### RECORD EXTRACTS

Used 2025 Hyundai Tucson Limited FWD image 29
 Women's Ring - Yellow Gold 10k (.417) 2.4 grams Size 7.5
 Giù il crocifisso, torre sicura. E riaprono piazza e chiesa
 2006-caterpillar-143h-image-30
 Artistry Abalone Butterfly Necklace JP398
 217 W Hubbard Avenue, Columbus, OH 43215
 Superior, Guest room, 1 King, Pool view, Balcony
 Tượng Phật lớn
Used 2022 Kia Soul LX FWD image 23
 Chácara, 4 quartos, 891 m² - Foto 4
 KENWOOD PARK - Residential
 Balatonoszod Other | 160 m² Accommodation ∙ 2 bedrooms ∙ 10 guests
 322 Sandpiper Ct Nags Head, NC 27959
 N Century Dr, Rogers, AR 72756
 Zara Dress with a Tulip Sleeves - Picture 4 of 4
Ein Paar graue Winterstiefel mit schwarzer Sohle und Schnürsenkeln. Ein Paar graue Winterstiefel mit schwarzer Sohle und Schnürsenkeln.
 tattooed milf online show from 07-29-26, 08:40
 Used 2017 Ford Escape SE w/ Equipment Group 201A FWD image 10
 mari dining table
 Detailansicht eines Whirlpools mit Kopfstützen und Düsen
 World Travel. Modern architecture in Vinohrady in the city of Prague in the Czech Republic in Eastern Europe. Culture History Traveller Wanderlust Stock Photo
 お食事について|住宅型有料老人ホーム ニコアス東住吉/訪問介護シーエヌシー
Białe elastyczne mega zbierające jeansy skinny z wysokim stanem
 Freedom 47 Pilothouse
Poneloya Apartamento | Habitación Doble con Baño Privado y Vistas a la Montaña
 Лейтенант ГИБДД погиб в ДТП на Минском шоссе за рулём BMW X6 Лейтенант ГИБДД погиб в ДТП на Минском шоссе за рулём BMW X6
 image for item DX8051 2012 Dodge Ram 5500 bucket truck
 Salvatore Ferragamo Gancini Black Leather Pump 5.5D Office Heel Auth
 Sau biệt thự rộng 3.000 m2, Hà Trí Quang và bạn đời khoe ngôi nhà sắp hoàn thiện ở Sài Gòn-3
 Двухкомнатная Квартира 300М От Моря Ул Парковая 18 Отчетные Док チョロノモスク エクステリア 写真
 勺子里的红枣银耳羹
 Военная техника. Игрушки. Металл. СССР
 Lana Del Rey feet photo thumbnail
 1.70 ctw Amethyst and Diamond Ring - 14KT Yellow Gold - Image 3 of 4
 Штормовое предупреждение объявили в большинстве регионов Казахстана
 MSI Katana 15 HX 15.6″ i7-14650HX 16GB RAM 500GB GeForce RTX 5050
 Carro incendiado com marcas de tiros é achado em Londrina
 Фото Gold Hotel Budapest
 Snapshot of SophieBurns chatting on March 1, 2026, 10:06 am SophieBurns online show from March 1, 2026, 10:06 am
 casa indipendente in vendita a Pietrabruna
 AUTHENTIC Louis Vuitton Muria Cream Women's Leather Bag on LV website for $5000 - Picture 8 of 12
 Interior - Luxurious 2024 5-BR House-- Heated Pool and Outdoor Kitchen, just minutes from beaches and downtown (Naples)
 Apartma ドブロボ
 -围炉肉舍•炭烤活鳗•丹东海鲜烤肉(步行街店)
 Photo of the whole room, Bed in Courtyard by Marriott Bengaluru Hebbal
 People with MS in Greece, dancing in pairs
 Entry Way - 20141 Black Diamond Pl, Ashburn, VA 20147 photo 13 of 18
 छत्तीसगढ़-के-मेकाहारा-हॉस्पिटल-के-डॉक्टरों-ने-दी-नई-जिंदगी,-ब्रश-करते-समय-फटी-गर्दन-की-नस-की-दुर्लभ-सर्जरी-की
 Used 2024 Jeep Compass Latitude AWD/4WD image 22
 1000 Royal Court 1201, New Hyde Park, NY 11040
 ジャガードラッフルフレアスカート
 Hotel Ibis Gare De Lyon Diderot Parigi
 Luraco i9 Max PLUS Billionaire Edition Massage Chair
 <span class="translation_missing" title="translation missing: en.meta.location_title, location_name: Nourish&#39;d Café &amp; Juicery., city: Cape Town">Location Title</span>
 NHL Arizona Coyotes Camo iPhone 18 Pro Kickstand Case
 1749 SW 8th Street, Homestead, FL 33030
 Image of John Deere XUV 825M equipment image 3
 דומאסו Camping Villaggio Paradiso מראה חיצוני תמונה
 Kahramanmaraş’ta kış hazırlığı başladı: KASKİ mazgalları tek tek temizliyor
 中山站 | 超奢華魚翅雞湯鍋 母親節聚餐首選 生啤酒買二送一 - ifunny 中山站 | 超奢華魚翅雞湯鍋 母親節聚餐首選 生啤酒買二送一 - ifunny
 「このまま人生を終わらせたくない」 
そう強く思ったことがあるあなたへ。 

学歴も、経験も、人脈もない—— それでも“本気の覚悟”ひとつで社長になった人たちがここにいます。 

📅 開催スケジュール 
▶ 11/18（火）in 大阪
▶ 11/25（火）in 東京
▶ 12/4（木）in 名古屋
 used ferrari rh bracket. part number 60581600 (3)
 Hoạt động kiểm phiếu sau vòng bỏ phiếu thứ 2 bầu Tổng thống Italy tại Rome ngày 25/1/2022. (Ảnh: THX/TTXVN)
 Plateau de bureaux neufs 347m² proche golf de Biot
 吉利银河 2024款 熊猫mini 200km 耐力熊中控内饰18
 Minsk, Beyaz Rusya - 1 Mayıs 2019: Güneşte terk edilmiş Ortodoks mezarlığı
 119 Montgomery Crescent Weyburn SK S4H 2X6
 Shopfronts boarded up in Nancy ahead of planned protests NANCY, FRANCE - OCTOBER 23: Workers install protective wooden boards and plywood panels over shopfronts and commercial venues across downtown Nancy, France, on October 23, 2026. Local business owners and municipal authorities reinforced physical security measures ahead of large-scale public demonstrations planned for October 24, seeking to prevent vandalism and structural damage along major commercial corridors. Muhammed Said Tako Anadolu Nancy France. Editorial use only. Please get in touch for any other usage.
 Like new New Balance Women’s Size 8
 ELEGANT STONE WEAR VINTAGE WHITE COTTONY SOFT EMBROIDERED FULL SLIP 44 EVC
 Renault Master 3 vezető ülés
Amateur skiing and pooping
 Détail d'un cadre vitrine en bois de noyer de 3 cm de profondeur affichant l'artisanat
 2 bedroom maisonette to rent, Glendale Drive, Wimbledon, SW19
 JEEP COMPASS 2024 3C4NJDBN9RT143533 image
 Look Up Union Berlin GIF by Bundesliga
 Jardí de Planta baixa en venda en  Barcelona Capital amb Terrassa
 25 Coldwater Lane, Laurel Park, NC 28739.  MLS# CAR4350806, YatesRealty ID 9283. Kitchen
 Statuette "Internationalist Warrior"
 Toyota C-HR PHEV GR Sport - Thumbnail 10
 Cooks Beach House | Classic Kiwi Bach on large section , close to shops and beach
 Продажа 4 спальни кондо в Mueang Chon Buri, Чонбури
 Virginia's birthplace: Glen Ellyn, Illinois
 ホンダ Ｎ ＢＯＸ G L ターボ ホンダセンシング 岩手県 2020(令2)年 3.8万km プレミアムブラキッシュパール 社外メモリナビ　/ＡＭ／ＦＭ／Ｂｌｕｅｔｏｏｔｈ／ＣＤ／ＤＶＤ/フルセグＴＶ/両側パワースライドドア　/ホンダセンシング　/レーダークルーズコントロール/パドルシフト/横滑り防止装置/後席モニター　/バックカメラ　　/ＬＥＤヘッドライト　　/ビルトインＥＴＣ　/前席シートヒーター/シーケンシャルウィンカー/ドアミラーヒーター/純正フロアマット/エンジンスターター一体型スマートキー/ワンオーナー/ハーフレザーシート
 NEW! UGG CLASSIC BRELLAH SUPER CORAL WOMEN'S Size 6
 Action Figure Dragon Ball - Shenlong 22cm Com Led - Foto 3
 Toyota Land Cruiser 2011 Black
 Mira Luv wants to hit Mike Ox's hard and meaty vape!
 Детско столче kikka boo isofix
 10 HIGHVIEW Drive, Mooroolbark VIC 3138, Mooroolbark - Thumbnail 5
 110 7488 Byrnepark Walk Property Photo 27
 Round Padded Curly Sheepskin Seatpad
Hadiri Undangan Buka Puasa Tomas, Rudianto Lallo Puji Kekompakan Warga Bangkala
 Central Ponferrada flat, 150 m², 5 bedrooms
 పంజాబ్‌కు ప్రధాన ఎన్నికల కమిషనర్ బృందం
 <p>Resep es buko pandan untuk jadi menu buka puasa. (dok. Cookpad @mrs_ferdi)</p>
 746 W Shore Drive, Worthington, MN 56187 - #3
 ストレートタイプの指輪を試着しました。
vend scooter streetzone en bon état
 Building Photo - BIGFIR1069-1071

### EXERCISE AIM
Write out again, exactly, the lines from the start of the entries up to and including the one with "お食事について|住宅型有料老人ホーム ニコアス東住吉/訪問介護シーエヌシー". Nothing else belongs in the reply.

### EXERCISE RESULT
Used 2025 Hyundai Tucson Limited FWD image 29
 Women's Ring - Yellow Gold 10k (.417) 2.4 grams Size 7.5
 Giù il crocifisso, torre sicura. E riaprono piazza e chiesa
 2006-caterpillar-143h-image-30
 Artistry Abalone Butterfly Necklace JP398
 217 W Hubbard Avenue, Columbus, OH 43215
 Superior, Guest room, 1 King, Pool view, Balcony
 Tượng Phật lớn
Used 2022 Kia Soul LX FWD image 23
 Chácara, 4 quartos, 891 m² - Foto 4
 KENWOOD PARK - Residential
 Balatonoszod Other | 160 m² Accommodation ∙ 2 bedrooms ∙ 10 guests
 322 Sandpiper Ct Nags Head, NC 27959
 N Century Dr, Rogers, AR 72756
 Zara Dress with a Tulip Sleeves - Picture 4 of 4
Ein Paar graue Winterstiefel mit schwarzer Sohle und Schnürsenkeln. Ein Paar graue Winterstiefel mit schwarzer Sohle und Schnürsenkeln.
 tattooed milf online show from 07-29-26, 08:40
 Used 2017 Ford Escape SE w/ Equipment Group 201A FWD image 10
 mari dining table
 Detailansicht eines Whirlpools mit Kopfstützen und Düsen
 World Travel. Modern architecture in Vinohrady in the city of Prague in the Czech Republic in Eastern Europe. Culture History Traveller Wanderlust Stock Photo
 お食事について|住宅型有料老人ホーム ニコアス東住吉/訪問介護シーエヌシー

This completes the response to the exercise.